TASK OBJECTIVE:
Would you print the data below exactly, leaving out every picture?

MATERIAL PROVIDED:
....................
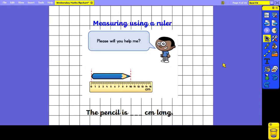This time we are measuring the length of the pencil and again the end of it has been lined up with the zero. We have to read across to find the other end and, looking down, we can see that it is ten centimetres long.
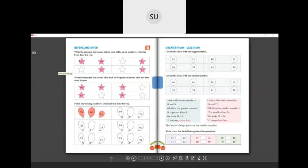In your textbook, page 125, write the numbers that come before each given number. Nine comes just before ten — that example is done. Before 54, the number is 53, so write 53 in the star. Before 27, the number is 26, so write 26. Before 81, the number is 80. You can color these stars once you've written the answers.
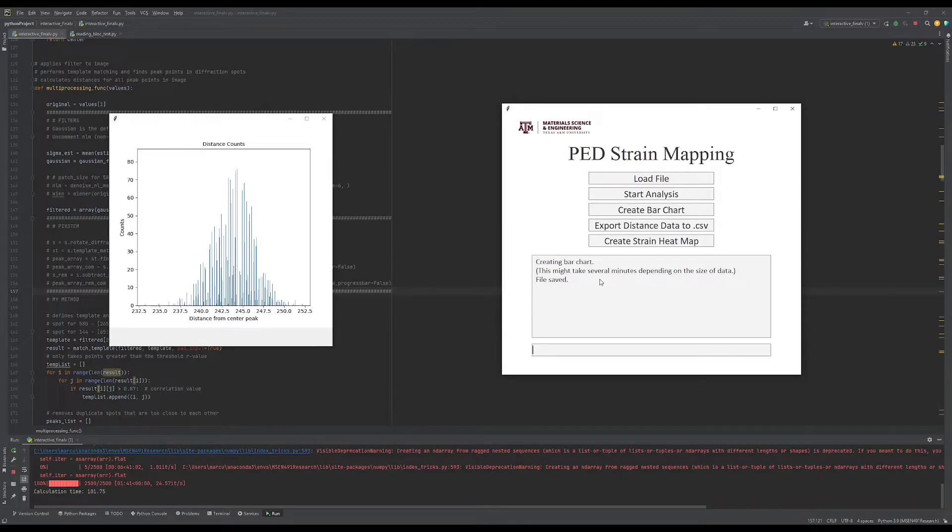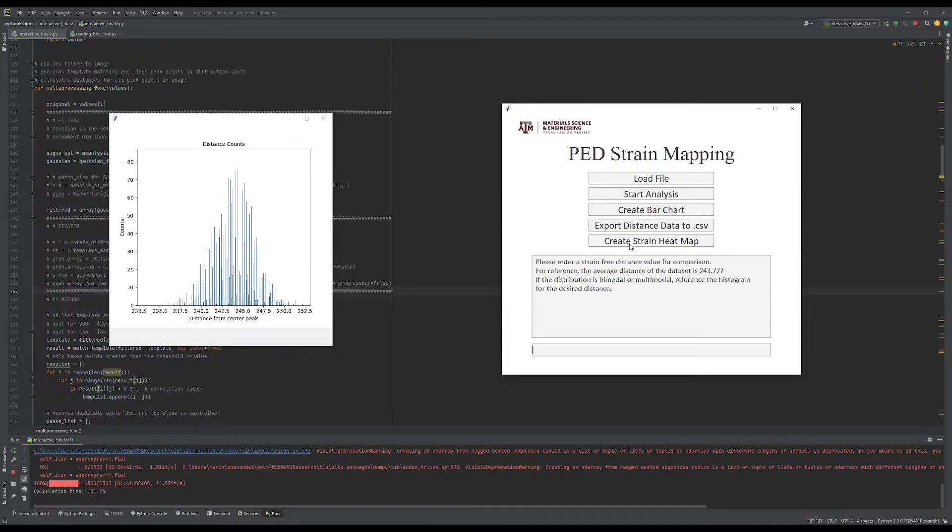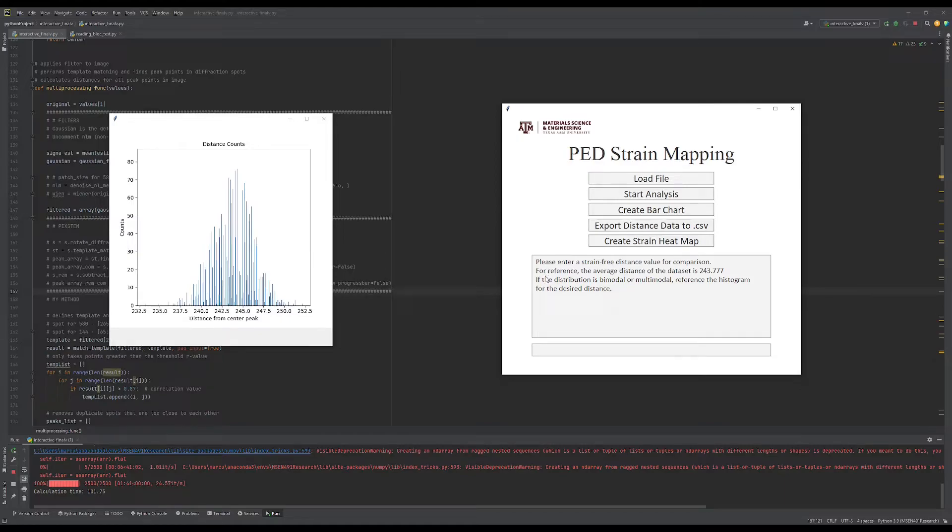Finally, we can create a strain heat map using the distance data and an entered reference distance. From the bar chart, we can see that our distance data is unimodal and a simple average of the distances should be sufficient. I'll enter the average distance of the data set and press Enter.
....................
TASK RESULT:
This time we are measuring the length of the pencil and again the end of it has been lined up with the zero. We have to read across to find the other end and, looking down, we can see that it is ten centimetres long.
In your textbook, page 125, write the numbers that come before each given number. Nine comes just before ten — that example is done. Before 54, the number is 53, so write 53 in the star. Before 27, the number is 26, so write 26. Before 81, the number is 80. You can color these stars once you've written the answers.
Finally, we can create a strain heat map using the distance data and an entered reference distance. From the bar chart, we can see that our distance data is unimodal and a simple average of the distances should be sufficient. I'll enter the average distance of the data set and press Enter.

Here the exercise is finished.